Durgarl is the only one of his Kind on Faerun as far as he can tell. He was Hatched at a temple to Oghma and has lived there since.He has searched through the vast Library there for any clue to other's of his Race and found none. Over the years he has went out to towns around the Shar and found work so he could look for clue's about what he is so far he has found none.


----------



## Joachim (Jun 2, 2006)

Chapter 1

Garet was the last of Jarmaath’s guests to arrive.  When he walked into the Lord Mayor’s office, he noted the four figures within.  Jarmaath, of course, sat in his high-backed chair behind his desk, a rolled parchment spread out in front of him.  Standing behind him to his right was a human male that Garet did not recognize, a look of exhaustion and worry across his face.  The man did not wear any form of armor or carry any weapon, but carried himself with the discipline that indicated a military background.  Also, hovering in the corner of the room stood Jarmaath’s assistant, the raptoran cleric Durgarl.  In front of the desk set two simple wooden chairs.  The first chair set empty, and Garet assumed that it had been placed there for him.  In the second chair set a massive humanoid, a goliath, decked out in full battle gear, a massive trident and shield resting on his lap.  Garet had see the giant around town serving as one of Eldremma Axenhaft’s swords-for-hire, but he had not ever been formally introduced.

“Good, we are all here,” the Lord Mayor started.  Motioning towards the human stranger, Jarmaath continued, “This is Fendric, high mage of the Drellin’s Ferry militia.  It seems that our allies to the west are having a bit of trouble with some goblin raiders.  The nasty little buggers have been sacking farms, marauding caravans, and generally making themselves to be more of a nuisance than we have become accustomed.  Realizing that they don’t have the strength of arms to handle the situation, the Town Council of Drellin’s Ferry has come to us for help.”

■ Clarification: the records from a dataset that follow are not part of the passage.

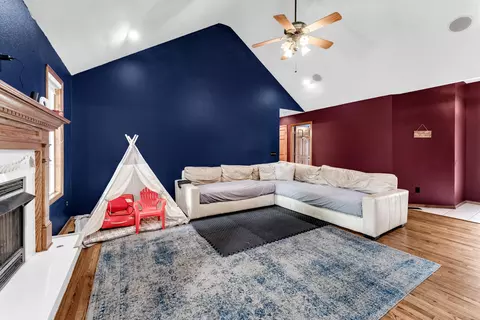 Living - 3983 W Leisa St, Springfield, MO 65807 photo 2 of 3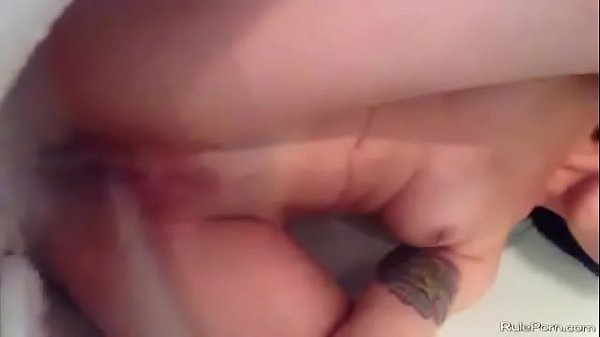 Hornygirl fingers her pussy_and squirts cum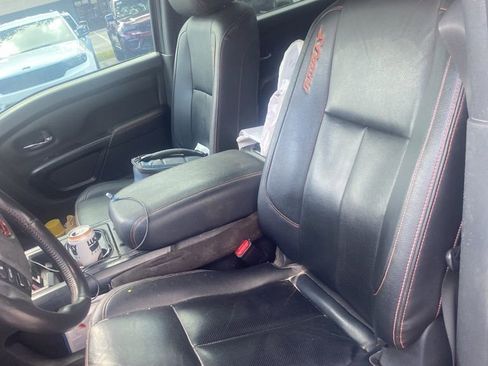 Used 2023 Nissan Titan PRO-4X w/ Pro-4x Convenience Package image 9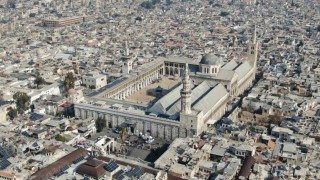 Tarihi Emevi Camiinde restorasyon öncesi son cuma namazı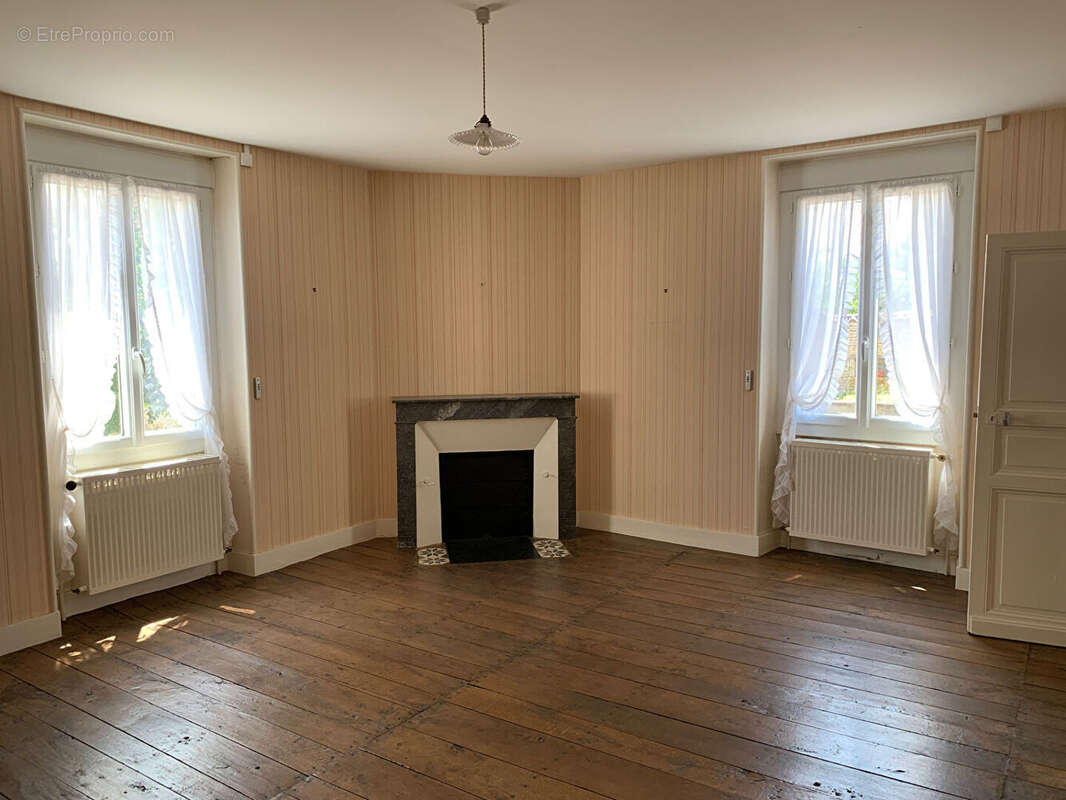 CHARENTE, Proche Verteuil-sur-charente, Maison A Vendre - photo 8
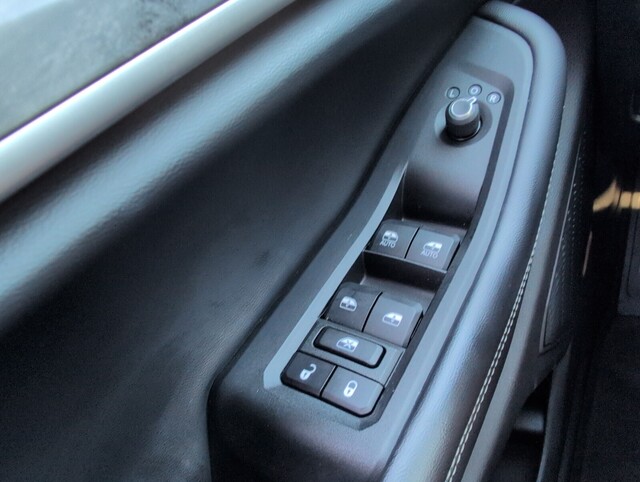 used 2021 Jeep GRAND CHEROKEE L car, priced at $25,998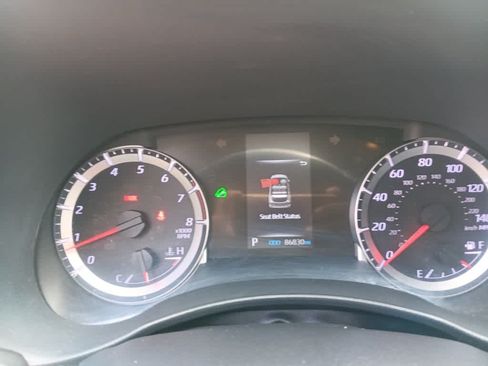 Used 2020 Toyota Highlander LE AWD/4WD image 11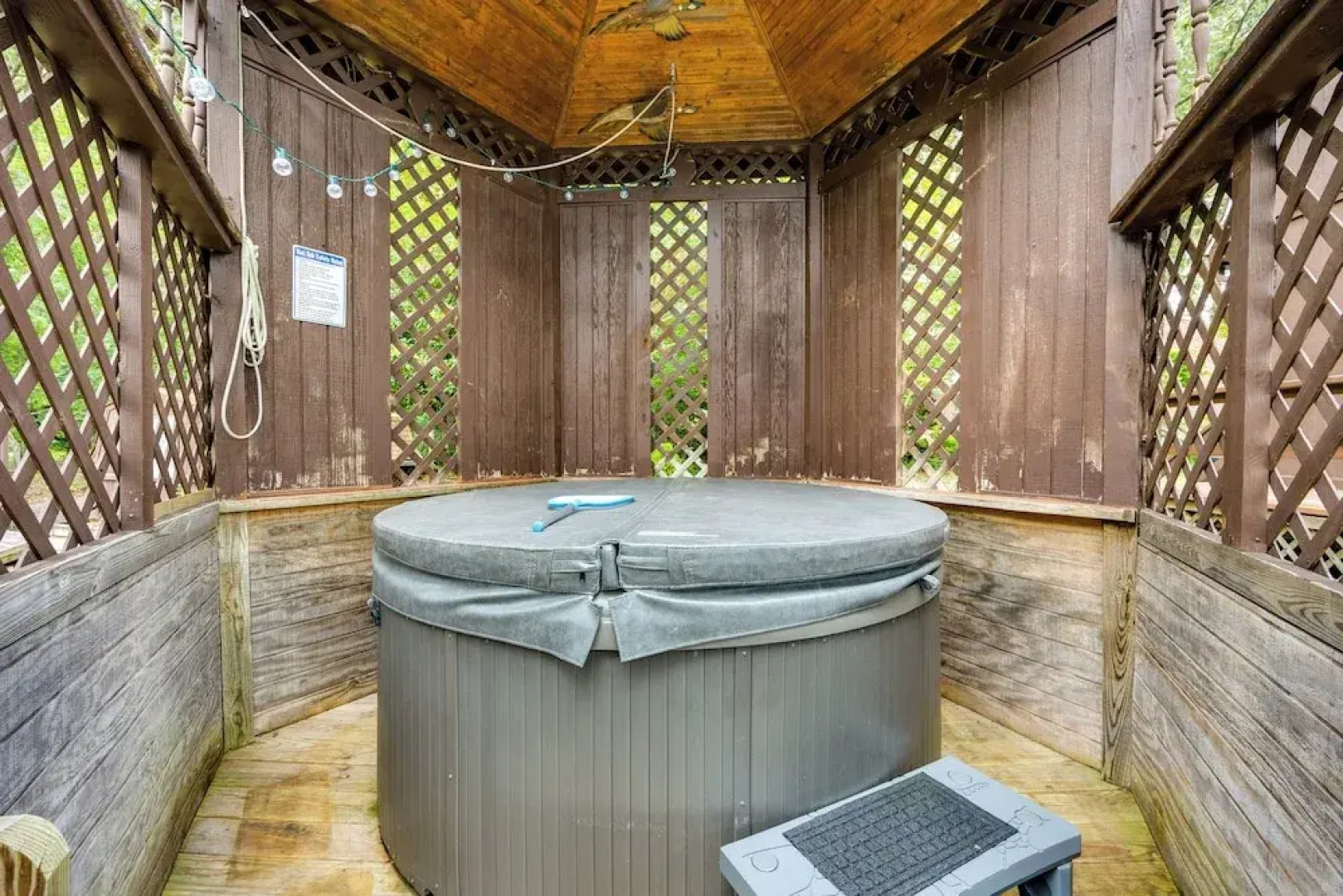 Waterfront Heathsville Cottage w/ Dock & Hot Tub!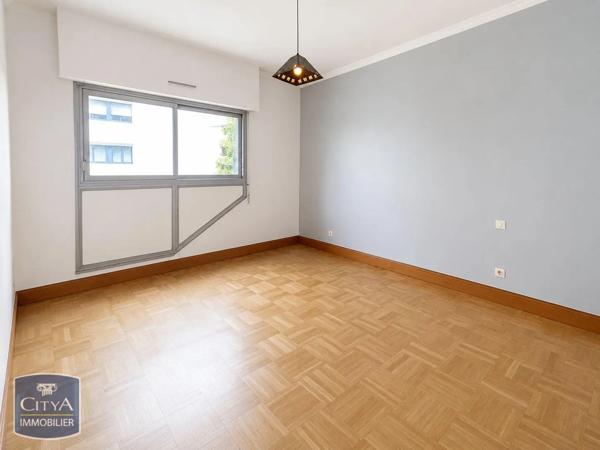 Appartement à louer 3 pièces 85.02m² Quimper (29000)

The stranger stepped forward.  “Your Lord Mayor is correct.  We have sent out a squad of militia to investigate, and they were butchered to a man.  We don’t have any more bodies to spare.  We have every reason to believe that a small group of veterans, such as you with my accompaniment, will be able to root out this problem.”

“And,” Jarmaath interrupted, “if you run into more than you can handle, the Lion Guard can quickly be mustered to deal with the threat.”  Looking to Fendric, he continued, “You see, the Lion Guard is more of a broadsword, and it is my opinion that you may need more of a…scalpel…for this mission.”

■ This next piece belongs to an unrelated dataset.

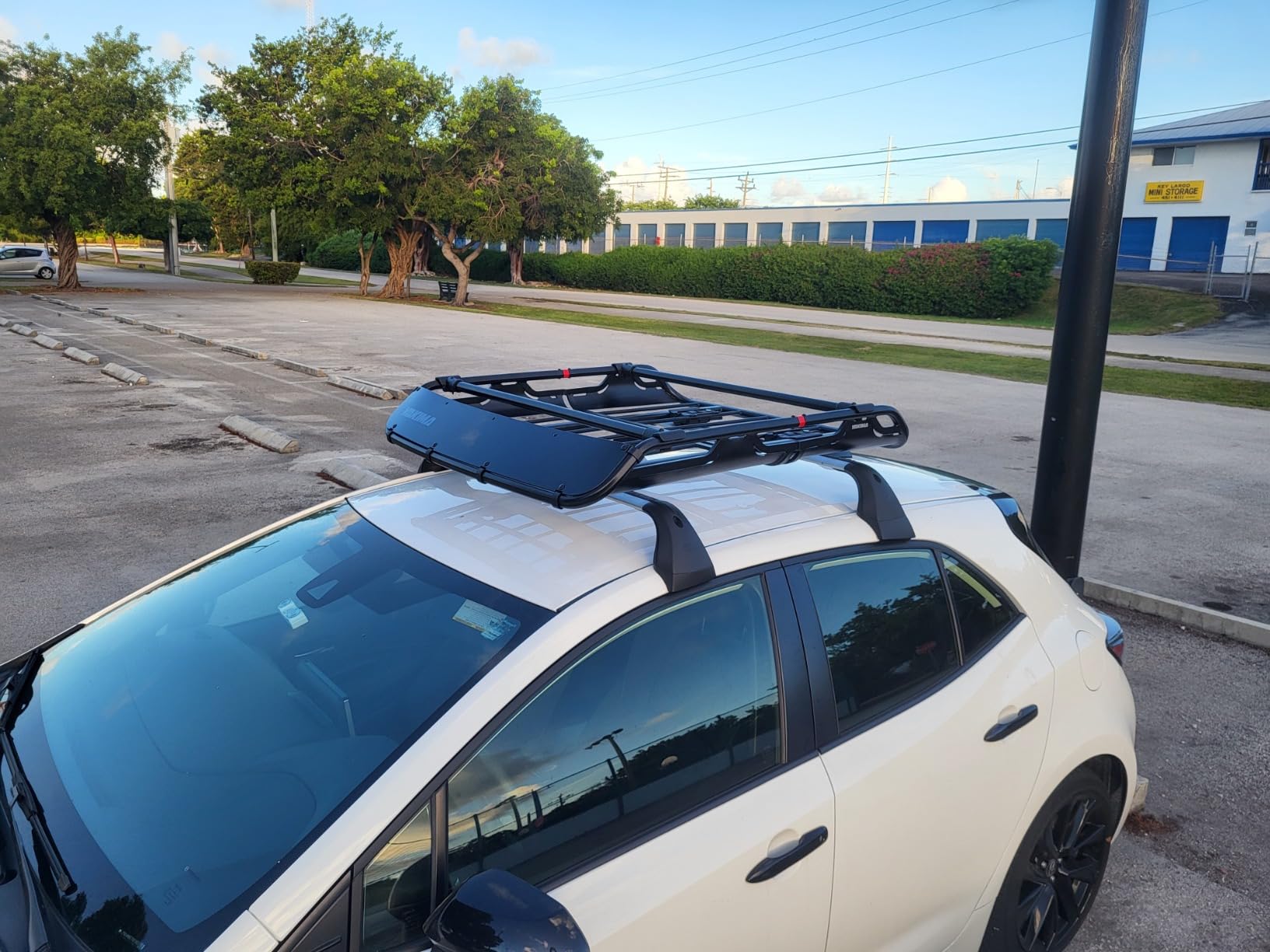 Yakima OffGrid Large Premium Cargo Basket Roof Rack with Quick Release Mounting System and Removable Fairing and Accessory Bars, Black customer photo 2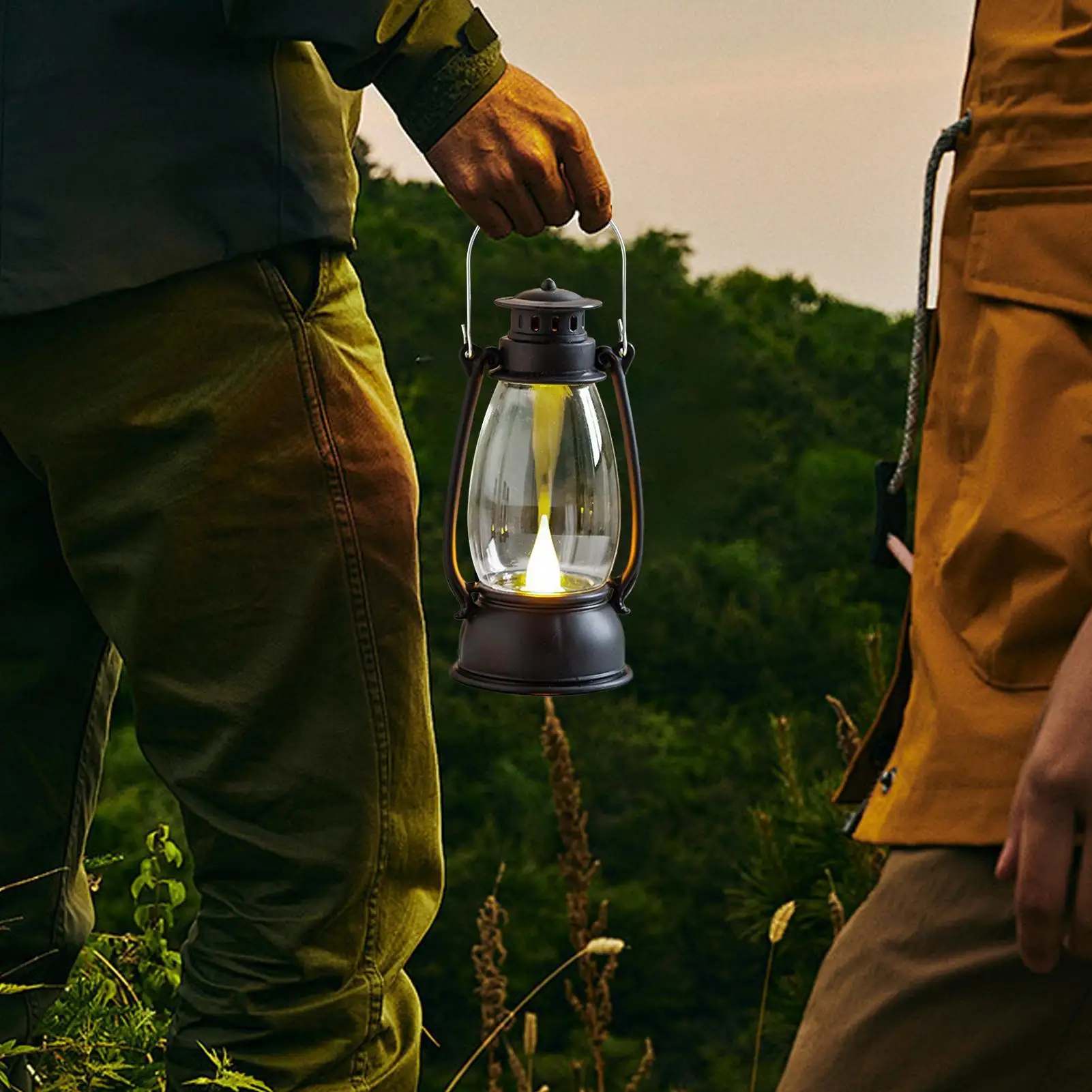 Vintage Lantern Led Camping Lamp Portable Outdoor Lanterns Led Lanterns with Warm Color with Handle for Table Garden Yard Porch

Garet spoke up, “So it is your belief that the three of us will be able to deal with this warband?”

“Four,” piped up Durgarl, “for I will be joining you as the Lord Mayor’s personal representative in this matter.”

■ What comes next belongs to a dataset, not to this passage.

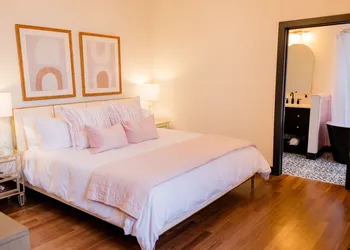Speakeasy Suites hotel thumbnail 5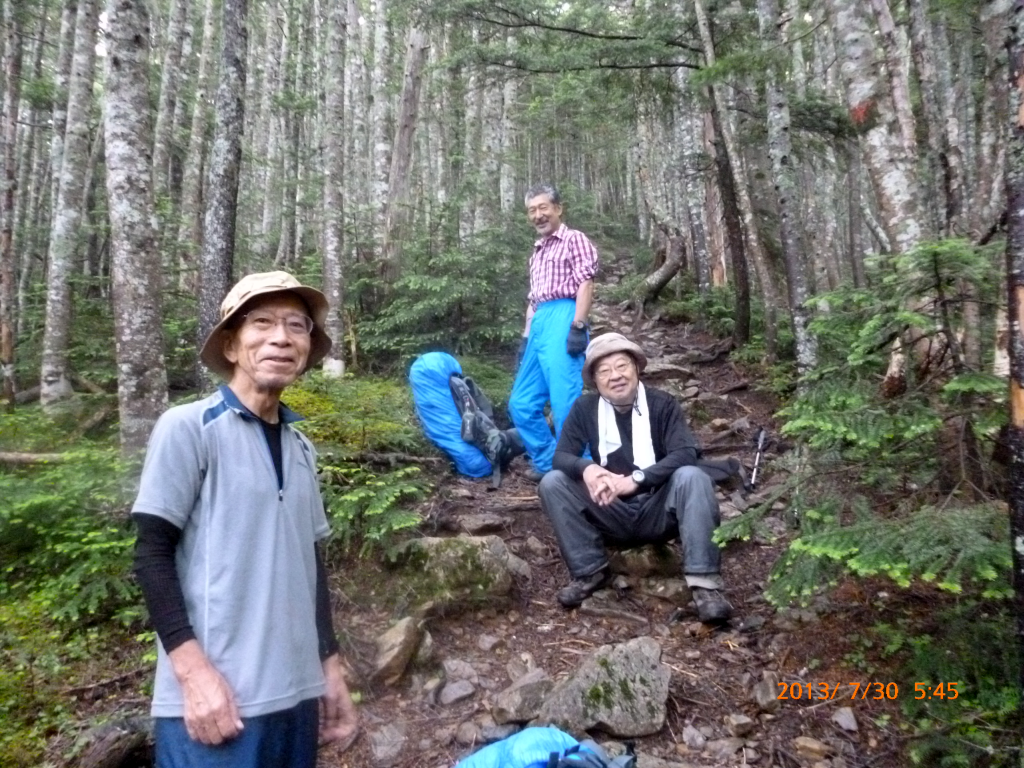  千枚岳からの下山の途中で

The goliath, Garth, groaned, cursing in Gol-Ka.  “Look, I have no problem with accepting this mission on behalf the Hammerfist Holds, but you,” pointing at the raptoran, “are no warrior.  What use will you be in a fight?” 

Durgarl smiled, “I am a skilled healer, and my magic will aid you in battle.  I may not be able to swing a sword as capably as you, but I believe that you will see that I have my…’use’.”

-----------------------------------------------------------

The road between Rethmar and Drellin’s Ferry was long, dry, and hot.  Even with the light warhorses spared by the Lion Guard, the overland travel was to take almost two full days in the blistering subtropical sun.  After staying the first night in Timor’s Gap, the newly-formed troupe continued west, and Fendric began recognizing landmarks.  They were almost there.

The goliath, tired of the silence in which his new comrades traveled, cleared his throat.  “So, Fendric, is it?  What’s your story?”

“What do you mean?” the wizard replied, sounding somewhat uninterested.

“Well, I mean its obvious you’re not from around here, right?  What brought you to this speck of dust town?”

Fendric sighed.  “Originally, I hail from Halruaa.  I was a member of the mighty Mageguard of Halarahh, Halruaa’s capital.”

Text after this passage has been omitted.